Once again, we slept deeply until about 6 a.m. when we awoke briefly
and dozed off again until 8:30 a.m.
Mile 0 near Victoria
At 8:30 when we got up, it was drizzling but it had stopped by the time we finished a gargantuan breakfast of a shared veggie burrito, fresh fruit, blueberry and English muffins, orange juice and coffee at John's Café, not far from the hotel. We bought some tiger balm in Chinatown and earplugs among other things at a drugstore. Then we packed our gear and left at 11:15 for Mile 0, situated at the very beginning of Douglas Road. We took photos and then made a virtual wheel dip in front of Beacon Hill. We decided to wear the earplugs along the busy roads to cut the intense screech of the traffic noise and we found them fantastic.
Beacon Hill near Victoria
This time, we took the East Coast scenic route before finally heading for Highway 17 which would connect us with the ferries. It was quite hilly near the city as we passed through some very sumptuous areas, such as Oak Bay, where we saw one magnificent house after the next on neatly kept grounds. Gilbert mentioned some knee pain that had actually started the day before and that seemed a little stronger.

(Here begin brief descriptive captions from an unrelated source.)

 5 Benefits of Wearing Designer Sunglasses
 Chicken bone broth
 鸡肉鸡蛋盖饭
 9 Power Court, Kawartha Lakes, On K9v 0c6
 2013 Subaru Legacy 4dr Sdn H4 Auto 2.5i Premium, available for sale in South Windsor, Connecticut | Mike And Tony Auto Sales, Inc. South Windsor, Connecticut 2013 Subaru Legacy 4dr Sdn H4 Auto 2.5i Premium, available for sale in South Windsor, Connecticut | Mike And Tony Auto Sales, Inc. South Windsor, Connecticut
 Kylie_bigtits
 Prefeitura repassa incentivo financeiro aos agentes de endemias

After a vigorous 48 km ride, we reached the ferry in time for the 3 p.m. crossing and had a bowl of clam chowder, an orange, a Nanaimo bar, and coffee before relaxing for a snooze. We arrived at Tsawassen at 4:30 p.m. and rode hard to catch the shuttle at 5:30 p.m. but we overshot our mark and missed the turn off. Luckily we ran into three local mountain bikers riding along the highway and then River Road and they kindly explained how to get back to UBC after we had crossed over the Alex Fraser Bridge into New Westminster. The ride was long and seemed to drag on forever but parts were excellent as we followed bike paths under the Skytrain and then down another along Ontario Street which joined up to the very picturesque Seaside Trail.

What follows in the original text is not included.